Given the many ways in which one changes throughout the course of life, there is a certain logic to this explanation.

We all grow and change throughout our lives. I remember one specific time my mother had planned my 6th birthday party to be at a movie theater with a few friends. When we got to the theater, the movie I wanted to see was sold out or not playing for some unexpected reason. My ever prepared and creative mother immediately told me the bad news that the movie I wanted to see was not playing, but instead, we could see the new Disney movie, Beauty and the Beast. I threw an epic tantrum. It’s my party, and I’ll cry if I want to, described this moment perfectly.

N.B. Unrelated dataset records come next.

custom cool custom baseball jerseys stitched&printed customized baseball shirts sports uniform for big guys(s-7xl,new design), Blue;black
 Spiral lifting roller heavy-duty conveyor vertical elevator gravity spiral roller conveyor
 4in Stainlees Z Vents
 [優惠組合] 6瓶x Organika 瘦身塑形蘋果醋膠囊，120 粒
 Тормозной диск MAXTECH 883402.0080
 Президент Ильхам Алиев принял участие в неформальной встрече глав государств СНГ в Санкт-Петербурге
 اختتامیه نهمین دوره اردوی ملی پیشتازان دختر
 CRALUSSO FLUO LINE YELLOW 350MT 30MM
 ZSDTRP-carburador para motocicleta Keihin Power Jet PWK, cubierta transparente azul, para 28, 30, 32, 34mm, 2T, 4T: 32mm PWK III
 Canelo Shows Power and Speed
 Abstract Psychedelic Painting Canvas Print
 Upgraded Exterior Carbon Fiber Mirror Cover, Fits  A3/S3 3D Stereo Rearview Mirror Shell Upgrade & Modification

Embarrassed and ashamed, I remember this episode in great detail. Yet, as an adult and a parent, I know that some things are out of our control. Thankfully, I am a much different and more mature person than the six-year-old having a tantrum. I feel so sorry for any hurt I inflicted on my parents and others as they were trying their best in this situation and countless ones to follow.

We all have some similar stories. We look back on moments in our lives, and we can see the many places where we, thankfully, have grown and become better.

When we see a gravestone or an obituary, we see the year the person was born and the year of their death. There is a dash, or on some Jewish gravestones, there is a Jewish Star. The sum total of a person’s life is contained in that symbol.

Rashi’s explanation as to why the Torah verse mentions the word, “years,” twice, helps teach us that we are each of the years of our life both together and separately. In every moment, we make a choice between multiple ways in which we can act. This week, try to see your choices and make the kind and loving choice. In this way, we continue to grow, become closer to God, and fill the space between our years with continued goodness.